CLA | INS | P1 | P2 | P3 | Data | Data | Data | Data |
0x80 | 0xD2 | Record Number (0..N-1) | 0x00 | Length (0x04) | Byte 1 | Byte 2 | Byte 3 | Byte 4 |
表に示したように、このコマンドは、合計で6バイトを持っています。そのうち、1バイトはレコード番号(0~N-1)を示し、もう1バイトは書き込まれるバイト数(長さ = 0x04)を示し、さらに4データバイトがあります。コマンドが正常に完了した場合、2バイトのステータス情報(正常な完了の場合は0x90 0x00)が返されます。
実行ファイルのロード
DS8007のEVキットボードをロードすると、このスマートカードサンプルトランザクションソフトウェアもセットでロードされます。このソフトウェアの存在を確認するには、ボードに電源を入れてディスプレイを観察してください。最後に「Insert card into large socket below.(カードを下の大きいソケットに挿入してください。)」という2行バナーが表示された(図1)場合、このプログラムはロードされています。このバナーが表示されない場合、このプログラムは、MTKソフトウェアを使用してボードのバッテリバックアップSRAMにロードすることができます。アプリケーションノート4036 (上記参照)には、アプリケーションファイルのロード方法が説明されています。ロードするファイルは、Trans.hexで、上記のftpウェブサイトからダウンロード可能なAN4120_SW.zipファイルに含まれています。
図1. 「カードを挿入してください」バナー
ファイルがロードされてブートストラップローダが切断されると同時に、プロセッサはアプリケーションを実行し始めます。PCにまだ接続している場合は、MTK画面にプログラムのRS-232シリアル出力が表示される場合がありますが、この情報は分析やデバッグ用であるため、無視してください。

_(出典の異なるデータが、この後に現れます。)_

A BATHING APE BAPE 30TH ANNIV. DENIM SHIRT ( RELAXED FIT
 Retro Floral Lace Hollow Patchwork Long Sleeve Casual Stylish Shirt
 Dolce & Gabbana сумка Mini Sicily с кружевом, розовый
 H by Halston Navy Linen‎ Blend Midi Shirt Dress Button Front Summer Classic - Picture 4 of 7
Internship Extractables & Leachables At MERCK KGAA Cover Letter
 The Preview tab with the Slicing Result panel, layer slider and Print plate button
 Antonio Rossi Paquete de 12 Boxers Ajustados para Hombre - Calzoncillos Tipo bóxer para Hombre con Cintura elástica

ユーザは、LCDモジュールに表示された指示に従ってください。シリアル出力の意味を判断するために、必要に応じて、ソースコードを分析することができます。
スマートカードを挿入すると、LCDに、カードの現在のトランザクション数と口座残高の概要が表示されます。その後、ディスプレイは、デビット、クレジット、および初期化の各トランザクションオプションを連続的に繰り返し、約2秒ごとに切り替えます。希望するトランザクションが表示されたら、SW4スイッチを押してこのトランザクションを実行します。画面に、実行したアクションが表示されます。終了メッセージが表示され、ユーザはスマートカードを取り出すように指示されます。この時点で、トランザクションサイクルが繰り返され、カードが再挿入されるのを待機します。
結論
このアプリケーションノートに説明されたシステムは、マルチプロトコルデュアルスマートカードインタフェースチップのDS8007とセキュアマイクロコントローラのDS5002に基づくスマートカード支払処理システムを実現しています。6kBのEEPROMメモリを搭載するACOS3スマートカードが用いられ、この不揮発性メモリに情報を格納するために、カードのRead RecordおよびWrite Recordコマンドを使用します。オンボード2行 x 20文字LCDからフィードバックがユーザに提供されます。クレジットおよびデビットトランザクションがスマートカード初期化機能とともに実現されています。ソースコードファイルは、ダウンロードが可能で、これを基にして実際の業務システムを構築することができます。